BEGIN EXERCISE INPUT

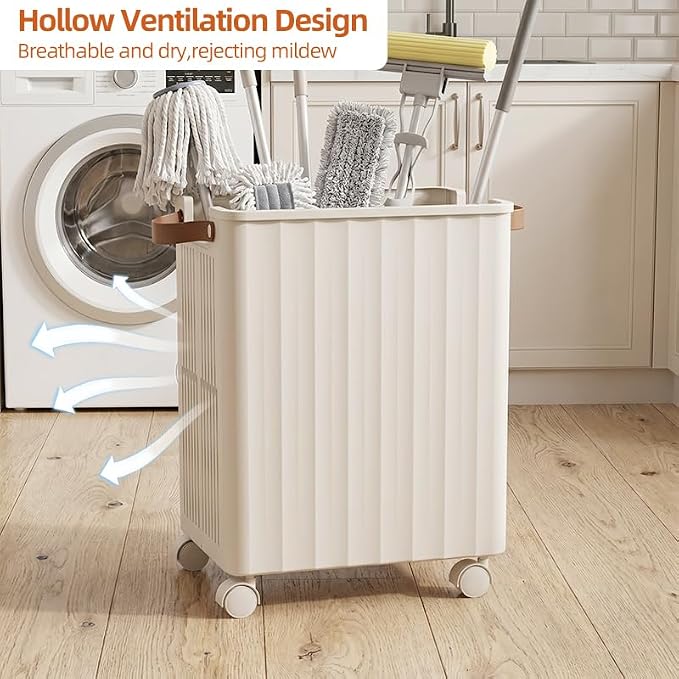Large Capacity Mop Holder with Wheels, Rolling Broom Storage Organizer On Casters, Heavy Duty Utility Cart for Laundry Room Garage Kitchen Basement, Space Saving Mobile Rack for Cleaning Supplies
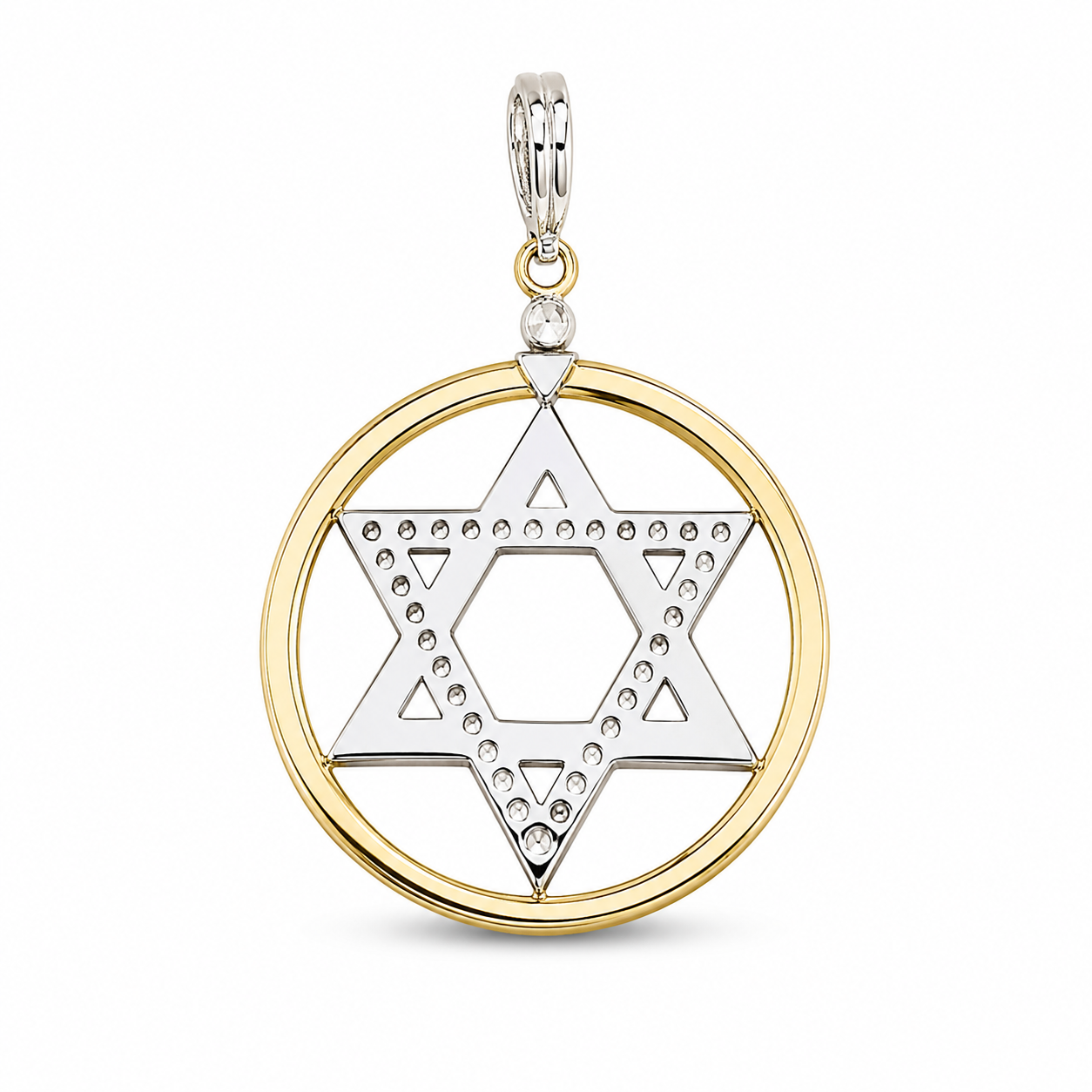 14KT Two-Tone Gold Cubic Zirconium Star of David Pendant [A8B2]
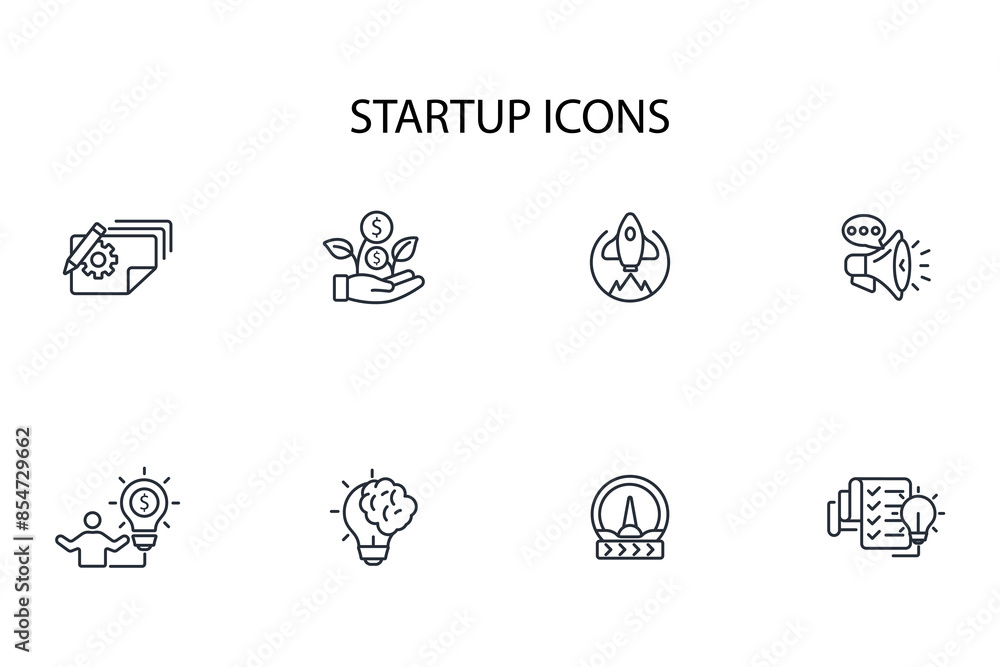 Poster startup icon set.vector.editable stroke.linear style sign for use web design,logo.symbol illustratio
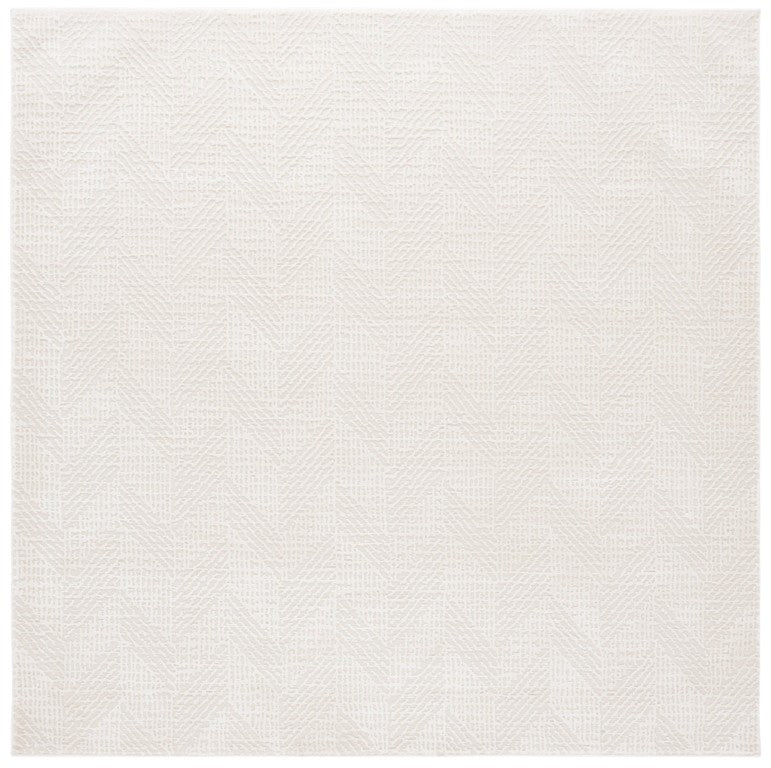 Safavieh Revive Ivory Geometric Square Area Rug Recycled Polyester Power Loomed Living Room REV122A-7SQ
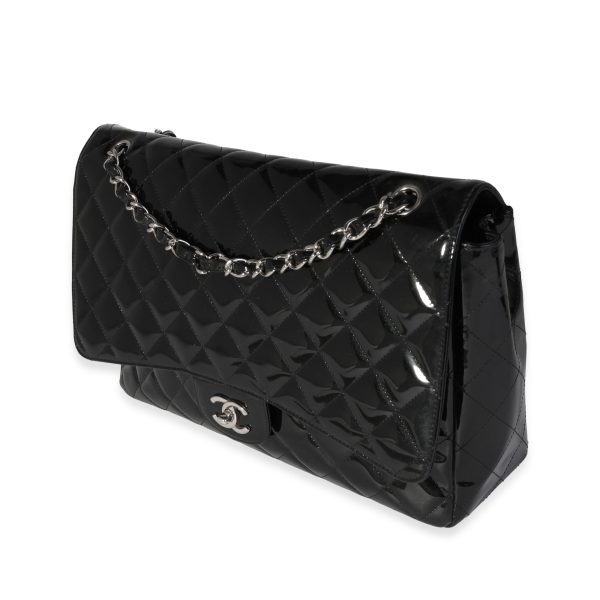 121673 sv Chanel Black Quilted Patent Leather Maxi Classic Single Flap Bag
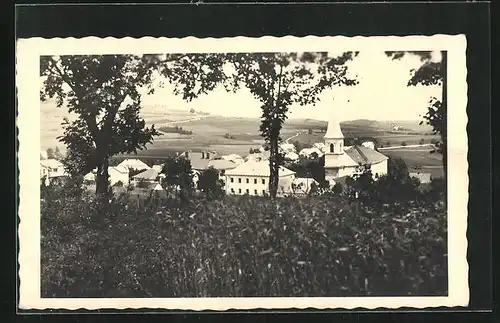 AK Stachy, Blick vom Berg auf den Ort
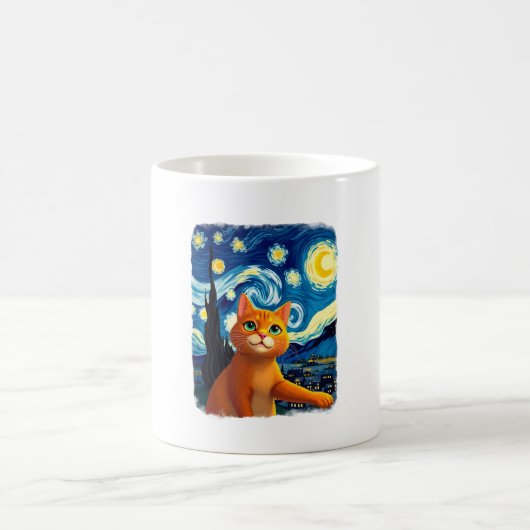 Orange Cat Selfie  Starry Night Cat Mom Cat Lovers Koffiemok (Center)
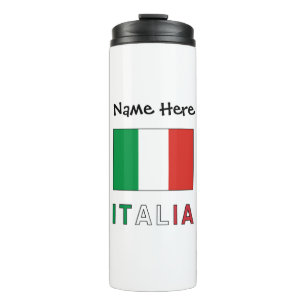 Bouteilles Isothermes Italia e Bandiera Italiana con il Tuo Nome
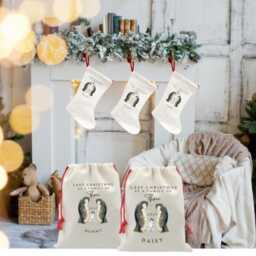 Personalised Last Christmas As A Family Of Three Decoration, Keepsake Sack, Gifts, Gifts Xmas Bags - thumbnail 1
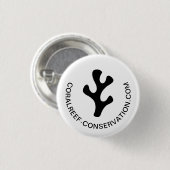 Einfaches, modernes Berufliches Schwarz-weiß-Coral Button (Vorne & Hinten)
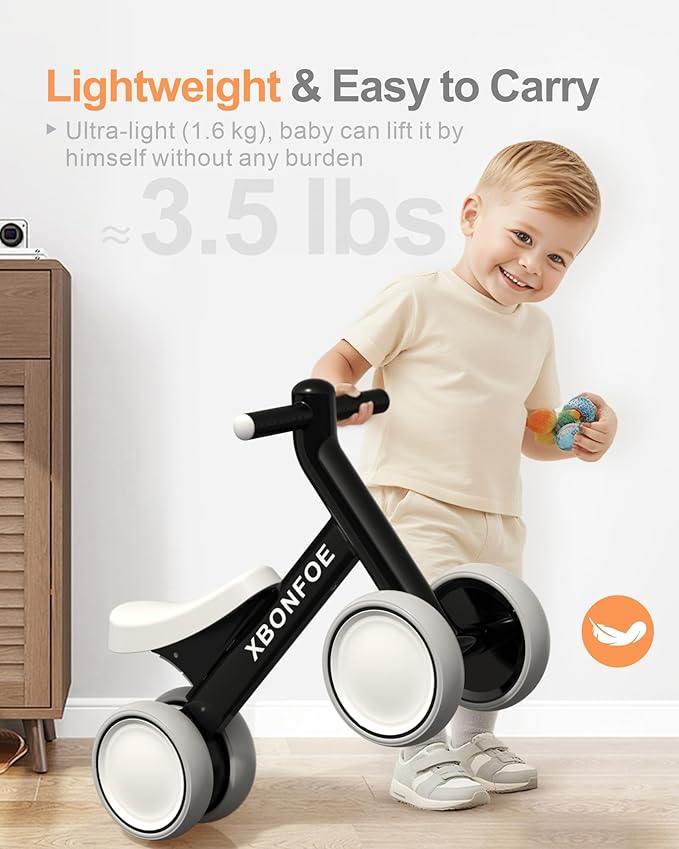 Baby Balance Bike for 1 Year Old Boys Girls, 10-24 Month Toddler Balance Bike, Baby Bike with No Pedal 4 Silence Wheels, First Ride on Toys with Adjustable Soft Seat, First Birthday Gifts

END EXERCISE INPUT

■ **THE TASK**:
With the images left out, set down every entry exactly.

■ **ANSWER SPACE**:
Large Capacity Mop Holder with Wheels, Rolling Broom Storage Organizer On Casters, Heavy Duty Utility Cart for Laundry Room Garage Kitchen Basement, Space Saving Mobile Rack for Cleaning Supplies
 14KT Two-Tone Gold Cubic Zirconium Star of David Pendant [A8B2]
 Poster startup icon set.vector.editable stroke.linear style sign for use web design,logo.symbol illustratio
 Safavieh Revive Ivory Geometric Square Area Rug Recycled Polyester Power Loomed Living Room REV122A-7SQ
 121673 sv Chanel Black Quilted Patent Leather Maxi Classic Single Flap Bag
 AK Stachy, Blick vom Berg auf den Ort
 Orange Cat Selfie  Starry Night Cat Mom Cat Lovers Koffiemok (Center)
 Bouteilles Isothermes Italia e Bandiera Italiana con il Tuo Nome
 Personalised Last Christmas As A Family Of Three Decoration, Keepsake Sack, Gifts, Gifts Xmas Bags - thumbnail 1
 Einfaches, modernes Berufliches Schwarz-weiß-Coral Button (Vorne & Hinten)
 Baby Balance Bike for 1 Year Old Boys Girls, 10-24 Month Toddler Balance Bike, Baby Bike with No Pedal 4 Silence Wheels, First Ride on Toys with Adjustable Soft Seat, First Birthday Gifts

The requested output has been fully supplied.